Speaker: Milad Maleki Pirbazari, Bilkent University
Date & Time: October 8, 2021, Friday, 13:30.
Place: EE-01
Title: Risk-averse Allocation Indices for Multi-armed Bandit Problem
Abstract: In classical multi-armed bandit problem, the aim is to find a policy maximizing the expected total reward, implicitly assuming that the decision-maker is risk-neutral. On the other hand, the decision makers are risk-averse in some real life applications. In this study, we design a new setting based on the concept of dynamic risk measures where the aim is to find a policy with the best risk-adjusted total discounted outcome. We provide a theoretical analysis of multi-armed bandit problem with respect to this novel setting, and propose a priority-index heuristic which gives risk-averse allocation indices having a structure similar to Gittins index. Although an optimal policy is shown not always to have index-based form, empirical results express the excellence of this heuristic and show that with risk-averse allocation indices we can achieve optimal or near-optimal interpretable policies.

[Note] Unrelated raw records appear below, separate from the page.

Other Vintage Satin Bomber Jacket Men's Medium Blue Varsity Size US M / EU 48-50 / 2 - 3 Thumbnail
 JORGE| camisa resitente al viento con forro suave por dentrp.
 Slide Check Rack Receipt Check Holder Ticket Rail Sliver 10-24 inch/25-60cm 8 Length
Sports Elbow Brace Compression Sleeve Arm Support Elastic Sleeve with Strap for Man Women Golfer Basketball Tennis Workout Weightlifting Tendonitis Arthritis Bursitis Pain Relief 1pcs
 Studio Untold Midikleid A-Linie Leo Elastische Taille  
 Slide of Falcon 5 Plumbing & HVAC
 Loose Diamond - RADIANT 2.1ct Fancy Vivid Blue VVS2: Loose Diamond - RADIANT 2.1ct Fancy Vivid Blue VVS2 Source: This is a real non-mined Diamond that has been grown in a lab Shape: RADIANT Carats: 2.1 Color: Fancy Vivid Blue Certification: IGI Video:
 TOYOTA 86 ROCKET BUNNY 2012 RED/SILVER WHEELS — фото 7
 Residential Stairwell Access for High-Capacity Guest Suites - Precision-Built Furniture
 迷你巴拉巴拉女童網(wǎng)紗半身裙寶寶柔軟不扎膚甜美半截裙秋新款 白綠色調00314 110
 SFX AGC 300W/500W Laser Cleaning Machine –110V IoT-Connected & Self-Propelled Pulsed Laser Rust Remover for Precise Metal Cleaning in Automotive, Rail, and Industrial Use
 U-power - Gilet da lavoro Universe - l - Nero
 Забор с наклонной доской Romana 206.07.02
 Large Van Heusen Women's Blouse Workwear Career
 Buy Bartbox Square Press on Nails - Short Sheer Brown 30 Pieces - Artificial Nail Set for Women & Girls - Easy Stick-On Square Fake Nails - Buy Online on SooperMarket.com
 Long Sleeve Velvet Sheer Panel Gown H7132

Bio: Milad Maleki Pirbazari is currently a teaching instructor in the department of Industrial Engineering at Bilkent University. He received his B.S. and M.S. degrees in Chemical Engineering from the University of Tehran and Tarbiat Modares University in 2008 and 2011, respectively. He also received an M.S. degree in Industrial and Systems Engineering from İstanbul Şehir University in 2015 and the Ph.D. degree in Industrial Engineering from Bilkent University in 2021. His research interests include stochastic and risk-averse optimization, Markov decision processes, and statistical machine learning.